#### What you should do
Please give back, exactly as written, the lines from the line with "Vipfan E04 fali" to the line with "Hermes Togo Leather Perforated Zippy Wallet 9032 Coffee Hermes" in the listing below, leaving out all pictures.

#### Source material
● ● ● ● ● ● ●

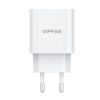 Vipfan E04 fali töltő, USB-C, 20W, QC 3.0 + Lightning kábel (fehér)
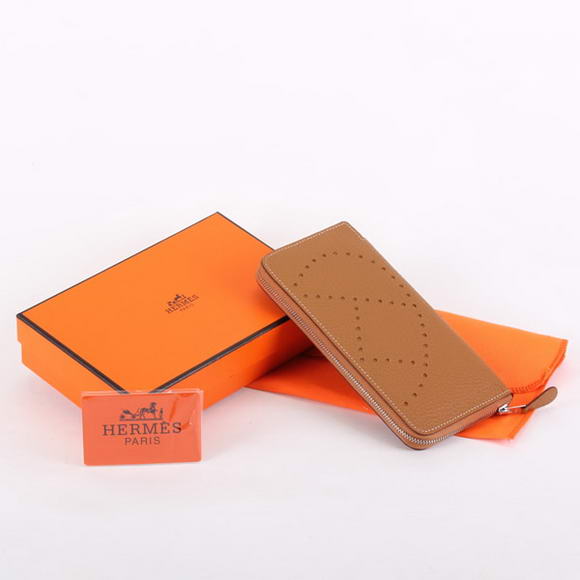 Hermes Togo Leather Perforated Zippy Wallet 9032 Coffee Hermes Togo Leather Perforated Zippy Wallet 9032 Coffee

● ● ● ● ● ● ●

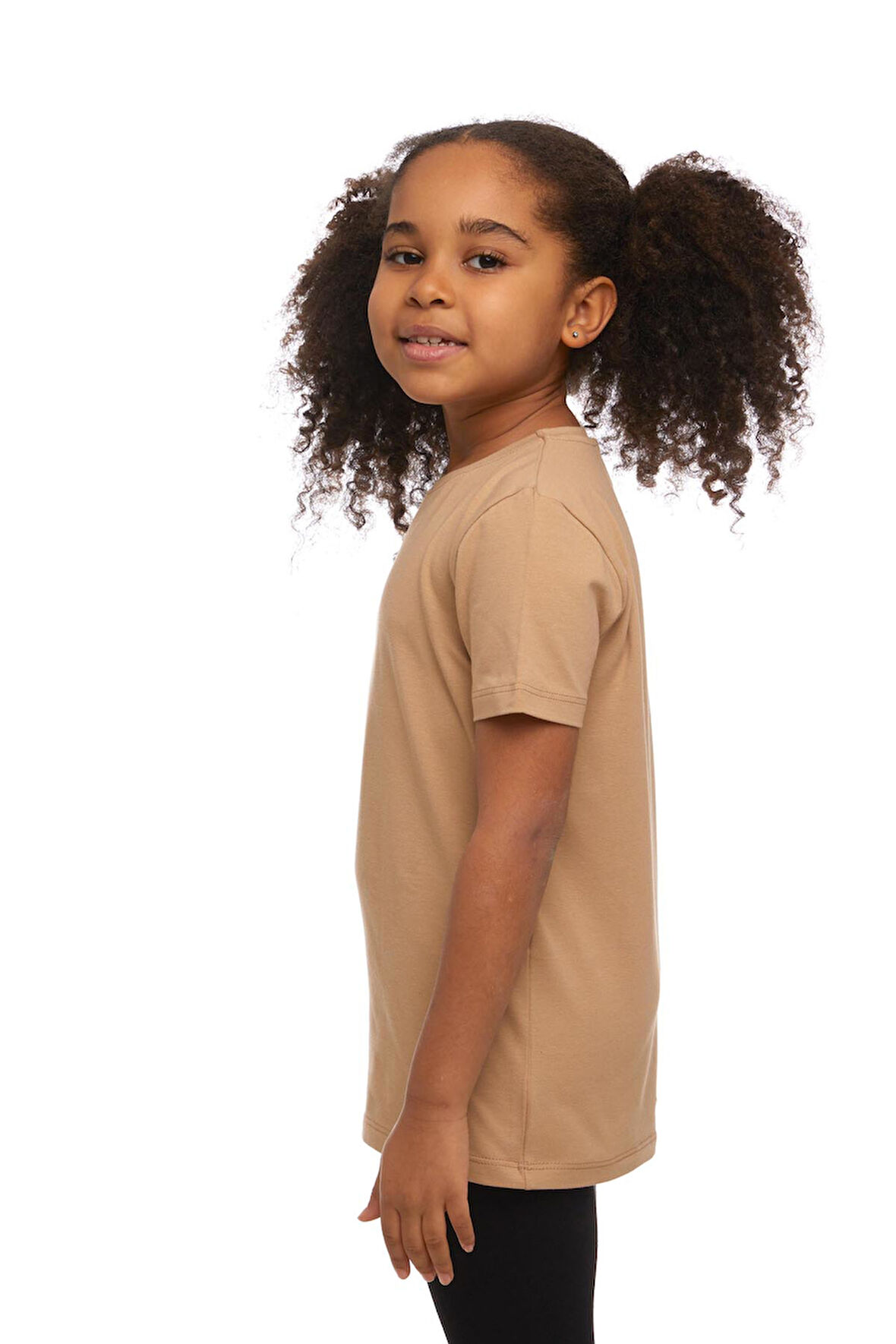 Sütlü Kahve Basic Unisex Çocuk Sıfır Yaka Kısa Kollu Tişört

● ● ● ● ● ● ●

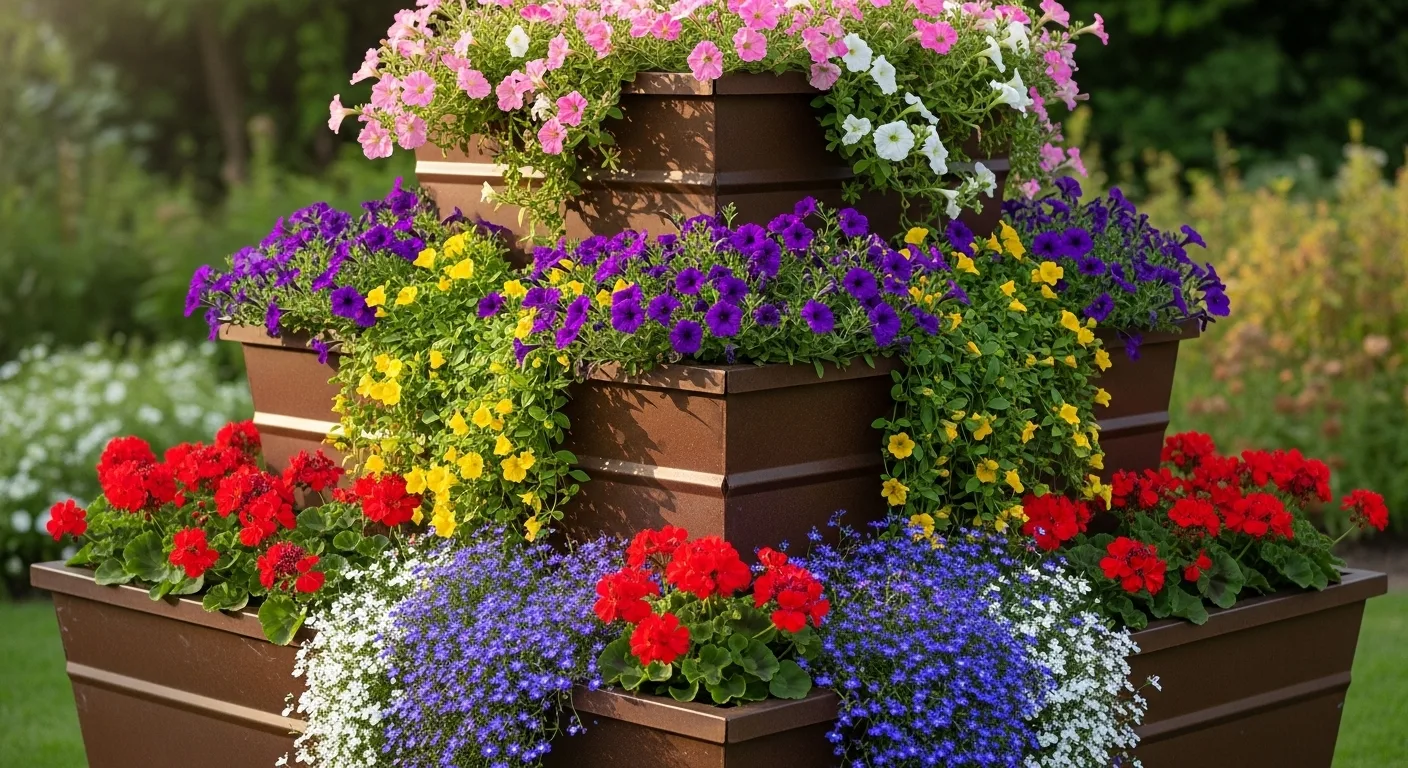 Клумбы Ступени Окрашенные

● ● ● ● ● ● ●

#### Response
 Vipfan E04 fali töltő, USB-C, 20W, QC 3.0 + Lightning kábel (fehér)
 Hermes Togo Leather Perforated Zippy Wallet 9032 Coffee Hermes Togo Leather Perforated Zippy Wallet 9032 Coffee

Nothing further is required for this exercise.